A man walks past the headquarters of the state-owned China National Offshore Oil Corp. (CNOOC) in Beijing, China Saturday, Dec. 8, 2012.Andy Wong/The Associated Press

China's CNOOC Ltd. has written off hundreds of millions of dollars' worth of overseas assets, marking another setback for the state-run energy giant as it copes with plunging oil prices.

The $842-million impairment is tied to properties in North America and the U.K. North Sea, the company said in an investor presentation on Friday.

CNOOC bolstered its presence in both regions after it acquired struggling Nexen Inc. in a contentious 2012 takeover, ushering in new restrictions on state-run firms seeking a foothold in Alberta's oil sands.

The writedown is the latest stumbling block for CNOOC's international operations amid the extended slump in global oil prices. Nexen is also shutting its crude-oil trading desk in Calgary, a move that is expected to lead to 100 job cuts. The Globe and Mail reported this week that those cuts are in addition to the 400 positions eliminated in the company's North American and U.K. divisions last week.

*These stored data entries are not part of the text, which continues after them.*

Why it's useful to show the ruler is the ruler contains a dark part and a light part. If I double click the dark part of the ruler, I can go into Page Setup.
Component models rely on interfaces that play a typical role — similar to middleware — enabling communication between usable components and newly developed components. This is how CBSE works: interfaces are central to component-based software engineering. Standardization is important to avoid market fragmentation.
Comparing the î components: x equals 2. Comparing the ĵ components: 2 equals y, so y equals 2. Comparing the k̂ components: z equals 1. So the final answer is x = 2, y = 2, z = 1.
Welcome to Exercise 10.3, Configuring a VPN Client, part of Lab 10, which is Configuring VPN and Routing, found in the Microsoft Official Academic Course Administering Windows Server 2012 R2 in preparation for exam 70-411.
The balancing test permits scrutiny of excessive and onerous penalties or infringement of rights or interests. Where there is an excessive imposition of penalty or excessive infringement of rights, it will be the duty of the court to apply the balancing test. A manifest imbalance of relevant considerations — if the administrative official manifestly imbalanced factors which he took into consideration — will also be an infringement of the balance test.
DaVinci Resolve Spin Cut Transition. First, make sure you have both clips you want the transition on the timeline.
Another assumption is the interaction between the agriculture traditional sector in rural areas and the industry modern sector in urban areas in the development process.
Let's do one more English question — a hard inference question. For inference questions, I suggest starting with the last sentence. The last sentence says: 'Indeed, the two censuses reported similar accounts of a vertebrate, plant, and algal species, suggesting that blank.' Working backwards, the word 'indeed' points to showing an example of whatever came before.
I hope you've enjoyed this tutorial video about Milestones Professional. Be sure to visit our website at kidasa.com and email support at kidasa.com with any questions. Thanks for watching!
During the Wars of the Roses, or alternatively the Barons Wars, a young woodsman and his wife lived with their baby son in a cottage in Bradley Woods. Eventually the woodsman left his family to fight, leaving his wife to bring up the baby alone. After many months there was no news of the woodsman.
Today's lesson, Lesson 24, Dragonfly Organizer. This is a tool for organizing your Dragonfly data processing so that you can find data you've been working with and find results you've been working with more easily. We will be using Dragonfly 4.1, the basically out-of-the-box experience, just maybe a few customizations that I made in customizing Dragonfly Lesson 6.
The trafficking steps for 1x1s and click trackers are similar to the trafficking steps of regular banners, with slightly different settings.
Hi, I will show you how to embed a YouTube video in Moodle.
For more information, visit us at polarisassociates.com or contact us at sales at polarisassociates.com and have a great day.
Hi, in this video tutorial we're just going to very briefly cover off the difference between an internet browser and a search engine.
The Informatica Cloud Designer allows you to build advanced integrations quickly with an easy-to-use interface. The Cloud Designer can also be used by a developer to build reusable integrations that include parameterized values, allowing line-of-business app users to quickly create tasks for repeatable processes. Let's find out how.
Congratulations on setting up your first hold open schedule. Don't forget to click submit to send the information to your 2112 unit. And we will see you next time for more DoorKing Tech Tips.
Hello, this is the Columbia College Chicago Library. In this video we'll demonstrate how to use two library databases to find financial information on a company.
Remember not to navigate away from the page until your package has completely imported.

CNOOC is seeking to slash expenses this year by as much as 35 per cent from the levels of a year ago. "In 2015, the company will adjust its operating strategy to adapt to a more complex and changing environment in order to meet all the targets for the year," chief executive Li Fanrong said in a statement.

For years China gorged on assets in Canada's energy sector, but some of the investments made by its state-controlled firms have underperformed. Nexen's Long Lake oil sands project has struggled to reach full capacity, for example, while China Investment Corp.'s stake in Penn West Petroleum Ltd. has suffered amid the oil-price downturn.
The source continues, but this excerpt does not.